Monday, August 6, 2012

Mundane Reflections

Since returning from a weekend away at Zen Mountain Monastery, I have been attempting to actualize the idea of my every day life as the material of my practice.  There is no idyllic dream, no escape from reality, no trip to the mountain that brings profound enlightenment.  Rather, enlightenment is found in scrubbing the grime of the kitchen sink, or in remaining present and awake through the children arguing in the backseat on the drive home, through the husband anxious about time and money, and through the administrative tasks of daily work.

Thus far, it has not been a breeze; in fact it has been somewhat painful. At each encounter with reality I rub up against myself. In dokusan (a one-on-one meeting with the abbot), I was given the dharma to befriend my emotions. At times, I have indulged the friendly feelings with fantasy and dreams, while keeping the uglier ones at bay, tying them up and secluding them in a dark room-- for fear that they might overtake me.  Now, I turn to face those feelings- anger, pain, grief, sorrow- with vigilance, hoping that in their early stages I might tame the tiger while it is well fed and rousing, rather than neglect it until it is famished and eager to attack.

The realizations that emerged from this past weekend came to me unexpectedly. They did not emerge from periods of zazen (silent sitting meditation) or dharma discourse, but from a series of meal-time conversations with monastery residents and caretaking practice (aka sweeping a broom until I had developed a blister on my thumb!).

In attending the Intro to Zen retreat, I had expected a weekend of silence- and truthfully, I was looking forward to that! This was based on all my previous exposure to Zen, from groups that visit the retreat center where I work.  But those groups are in sesshin- whereas the weekend I attended was thrust down in the middle of every day monastery life.  We were there to experience the eight gates, of which zazen is only one.

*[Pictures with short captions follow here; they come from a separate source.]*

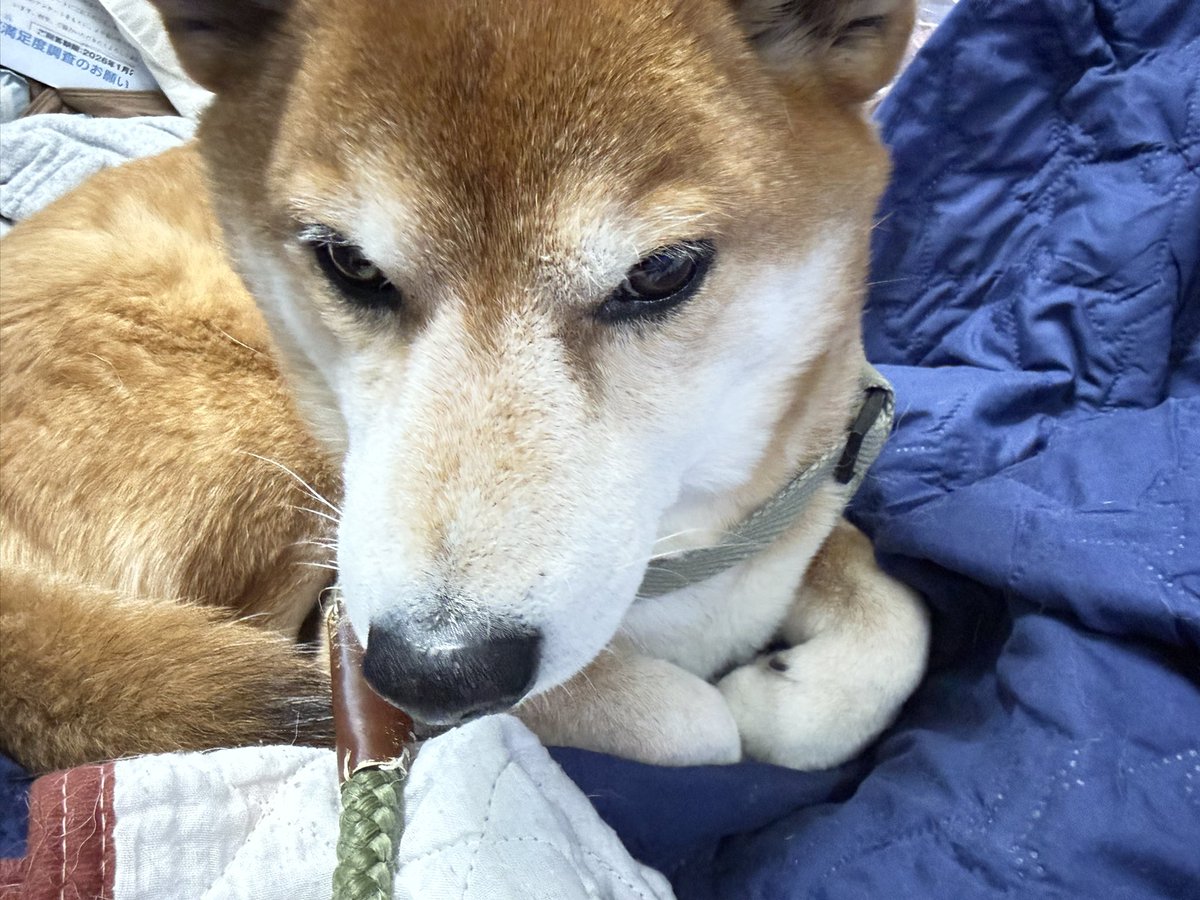 Chicken2Search's tweet image. こんにちわ寝起きです
#柴犬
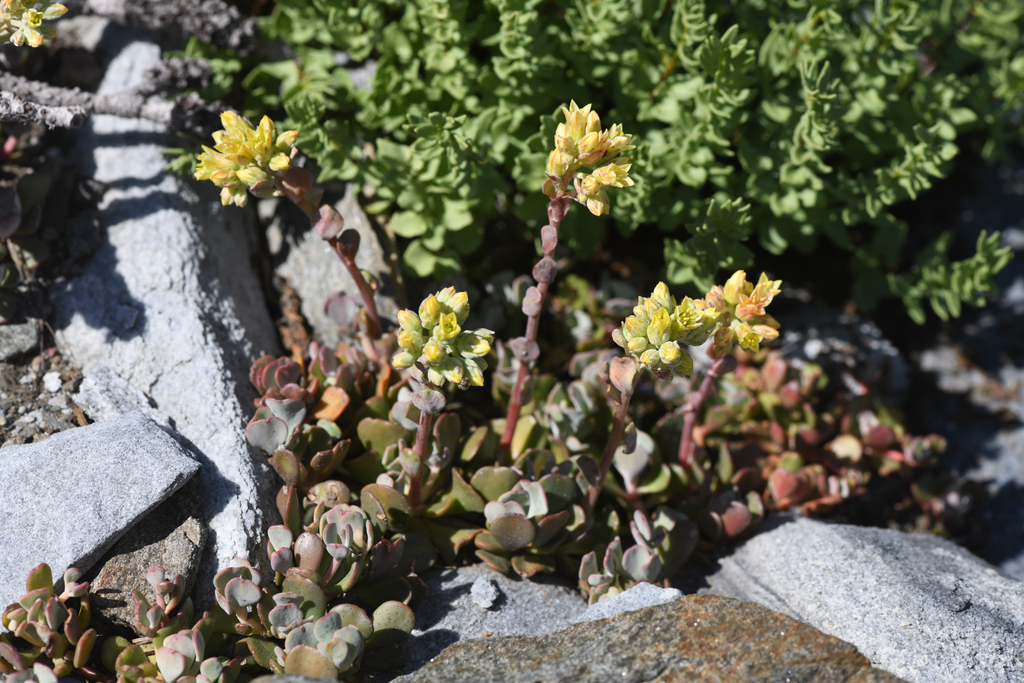 Sedum marmorense (Marble mountains stonecrop), native California perennial
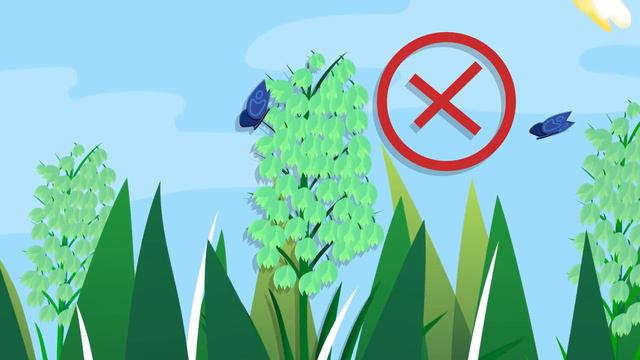 Что такое эволюция?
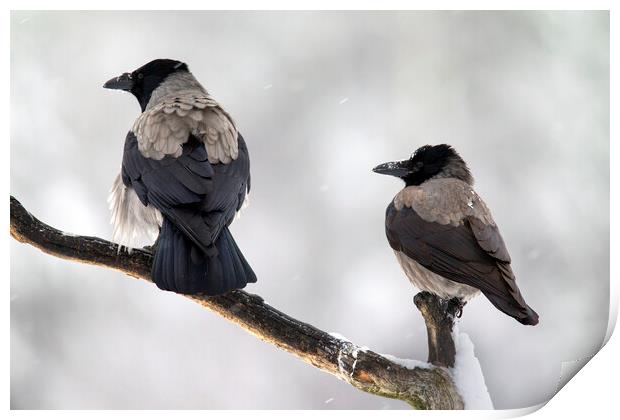 Hooded Crow Pair in the Snow Print by Arterra 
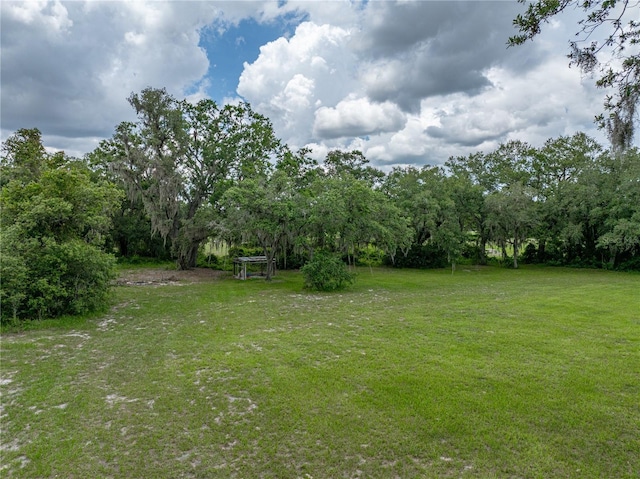 3985 Mammoth Grove Rd, Lake Wales, FL 33898 - photo 84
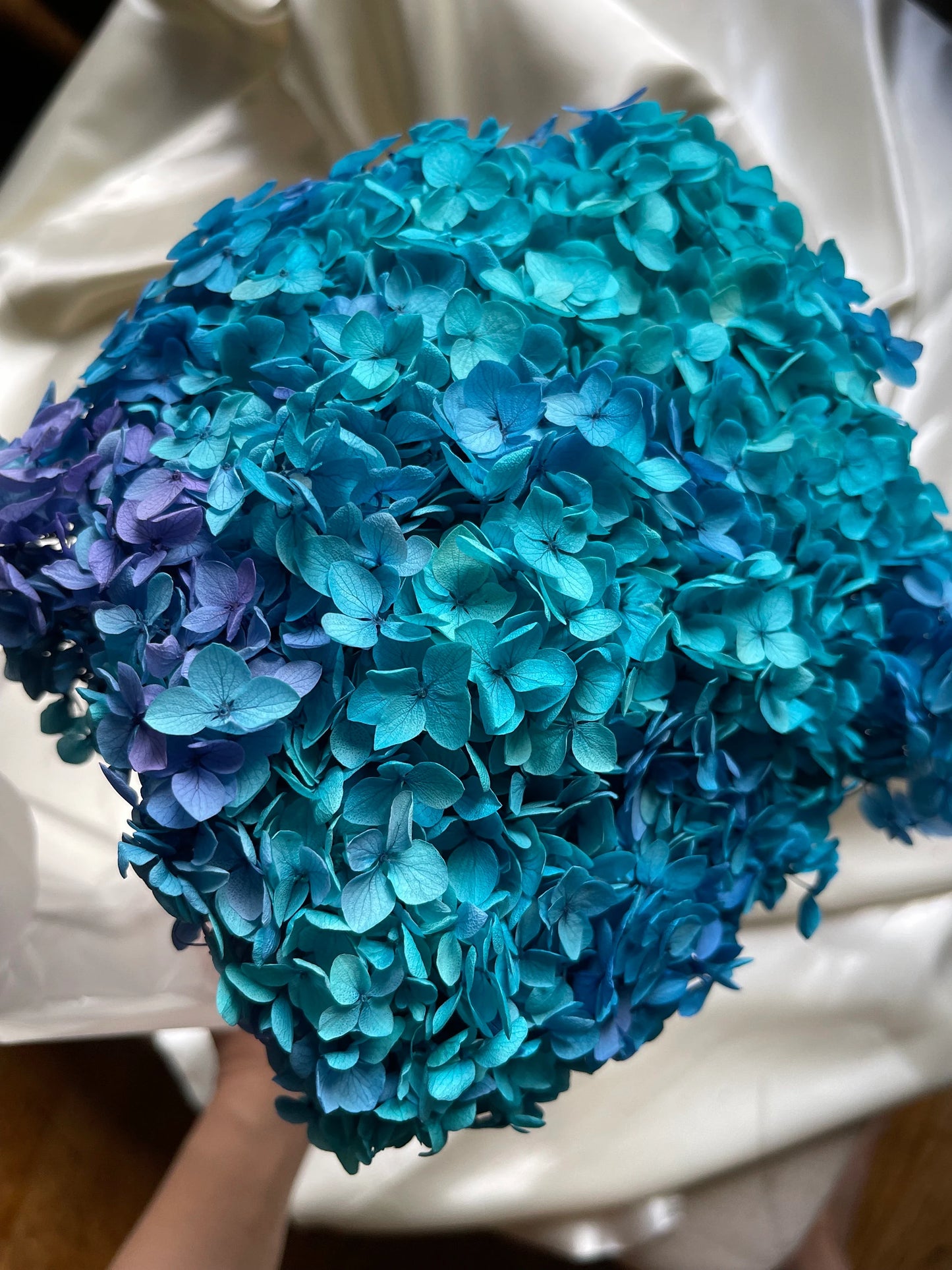 Preserved hydrangea big size 20cm diameter retro Blue purple gradient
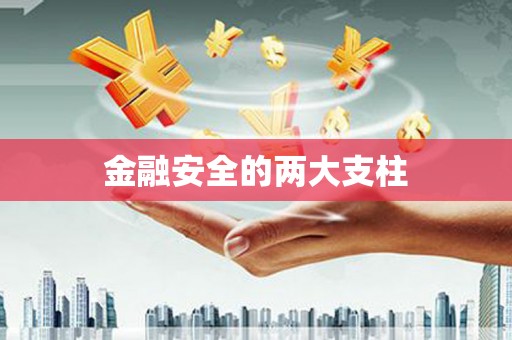 新洲金融安全的两大支柱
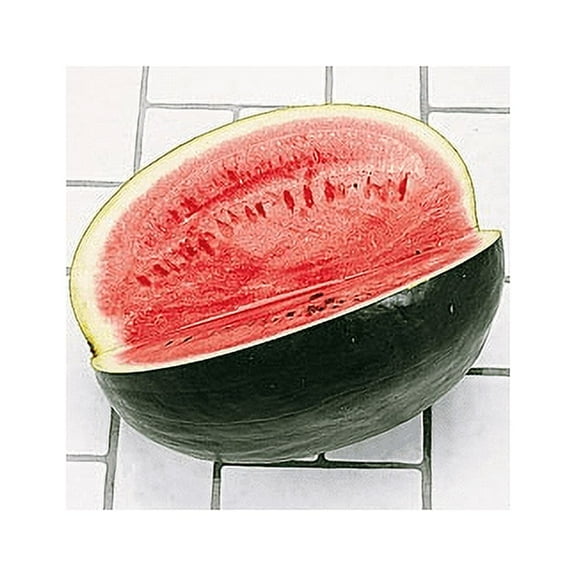 Seed Kingdom Watermelon Black Diamond Great Heirloom Vegetable Bulk 1 Lb Seeds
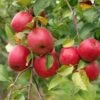 Akane And Honeycrisp Mini Orchard Bundle (3 Trees) 1 Akane And Honeycrisp Mini Orchard Bundle (3 Trees) -Plant And Fruit Tree Store honeycrisp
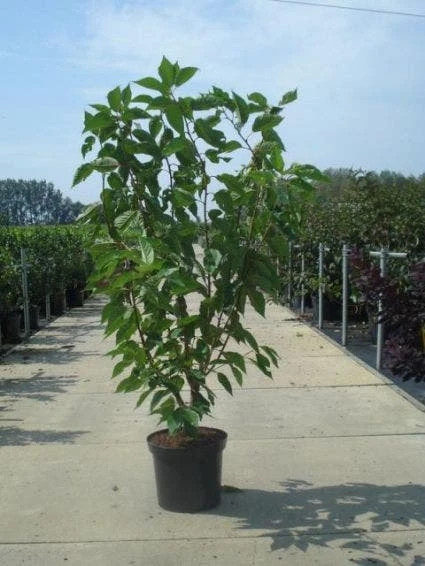 Sierkers, Struikvorm (Prunus Serrulata 'Kanzan') 2 Sierkers, Struikvorm (Prunus Serrulata 'Kanzan') - Afbeelding 2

We were there to encounter the self in the midst of the mundane.

As I entered a dorm room with seven other women- some of whom were more chatty than I would have liked- I felt annoyed; and as I sat at meals around full square tables, I silently hoped to be left alone.  And yet, at each meal I found myself in rich conversation with one of the monastic residents- a different one each time. While dinner time conversation is not listed as one of the eight gates, I wondered if perhaps these conversations too were another way of doing liturgy, or academic study, or dokusan.

I do not consider myself a great conversationalist-- especially with people I have just met.  But somehow each monastic resident opened a gate of presence, and each conversation birthed a new insight. Usually these were one-on-one conversations, in which we became fully present to one another (twice almost to the neglect of chores!).  These conversations mirrored the presence that the abbot shared with those who came to see him during dokusan.

The experience of presence was also encountered through work practice, which is another of the eight gates.  Sweeping stairs and chopping tomatoes were activites of meditation.  I recognized that my own mental resistance to certain work- particularly the administrative tasks of my paid employment- comes from an over-identification with the activities.  We live in a society where some work is elevated over others-- where a person who scrubs toilets is regarded less than a person who manages companies. We come to identify ourselves with the work and roles we do in life, and in the process lose track of the self.

But the real self is not defined by work or by roles of any kind. The self is the universe, is reality, is all. In the monastery, work is spiritual practice- and it is not all grand.  Students garden and scrub; a senior monastic teacher prepares the meals; the abbot crawls into the aqueduct tunnel to take measurements for a building project.  By coming to see the tasks of my life as spiritual practice, rather than acts of self-definition, I can deepen my focus and be present in the activity. I make the intention now of focusing on these administrative tasks as work practice, returning to the excel sheet in the same way I might return to the breath, or the sweep of broom, or the slice of tomato.

As I return to the world from the weekend retreat, I walk with all this in mind. While a part of me would love to pack my bags and move to the mountains to become a monk (even monastic life can appear like a dream, a beautiful escape!), I have practice to do-- to face the self, to awaken--  right here and now.